Hacker News new | ask | show | jobs
by ec109685 2117 days ago
It seems like coupling a database checkpoint process with file system’s snapshot process should be theoretically possible: 1) Database informed snapshot needed 2) Database finalizes any in progress writes and starts logging new writes to another file 3) Take file system snapshot 4) Inform database snapshot is fine

Between #3 and the file system snapshot, you should have a perfect and quick representation of the database at that point in time (when the database was informed it should stop logging).

1 comments

File system snapshots are a system that have the analogous desired properties for files; but filesystem snapshots are actually quite heavyweight, because they deal with dirents, inodes, extents, etc. CoW filesystem snapshots are designed for ops-task-granularity usage, e.g. daily backups; not for per-transaction historical archiving. CoW filesystems tend to fall over once you get to 100K snapshots. (I tested!) A database that took a snapshot after every CQRS/ES transaction, could be expected to potentially have billions of snapshots.
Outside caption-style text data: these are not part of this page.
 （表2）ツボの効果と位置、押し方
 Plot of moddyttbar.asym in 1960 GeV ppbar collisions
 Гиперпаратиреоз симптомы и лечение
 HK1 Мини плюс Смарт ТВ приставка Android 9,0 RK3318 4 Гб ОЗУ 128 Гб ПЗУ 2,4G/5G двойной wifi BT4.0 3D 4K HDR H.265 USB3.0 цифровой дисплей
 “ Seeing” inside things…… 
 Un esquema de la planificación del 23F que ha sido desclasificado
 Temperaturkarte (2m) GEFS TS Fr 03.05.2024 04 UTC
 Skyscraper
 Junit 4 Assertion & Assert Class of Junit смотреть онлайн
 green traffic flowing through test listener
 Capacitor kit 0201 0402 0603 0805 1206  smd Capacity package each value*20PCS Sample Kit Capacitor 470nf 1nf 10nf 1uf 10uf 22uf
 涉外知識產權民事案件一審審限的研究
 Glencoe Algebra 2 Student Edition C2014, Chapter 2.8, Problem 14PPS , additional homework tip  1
A system that did its snapshots “inline” to itself, by e.g. managing a pool of pages with a free-list the way LMDB does — but where Txs ultimately add a new version to the root bucket as a snapshot, rather than replacing the root bucket page with themselves — would get a lot closer to allowing one to have at least tens-of-millions of snapshots online. At that point, to achieve a billion snapshots online, you “only” need to shard your timeline across a cluster of 100 nodes.